(MATERIAL TO PROCESS begins)

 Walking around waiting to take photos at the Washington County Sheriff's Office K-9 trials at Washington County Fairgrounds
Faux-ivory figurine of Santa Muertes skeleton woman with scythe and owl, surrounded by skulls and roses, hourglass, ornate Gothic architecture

(MATERIAL TO PROCESS ends)
(MATERIAL TO PROCESS begins)

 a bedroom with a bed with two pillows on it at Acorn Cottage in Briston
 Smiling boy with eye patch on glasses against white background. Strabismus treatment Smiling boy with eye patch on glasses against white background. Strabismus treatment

(MATERIAL TO PROCESS ends)

GOAL OF THE EXERCISE
From the records above, retype only the lines starting at the line that contains "Walking around waiting" and ending at the line that contains "Faux-ivory figurine of", both included.

RESPONSE AREA
 Walking around waiting to take photos at the Washington County Sheriff's Office K-9 trials at Washington County Fairgrounds
Faux-ivory figurine of Santa Muertes skeleton woman with scythe and owl, surrounded by skulls and roses, hourglass, ornate Gothic architecture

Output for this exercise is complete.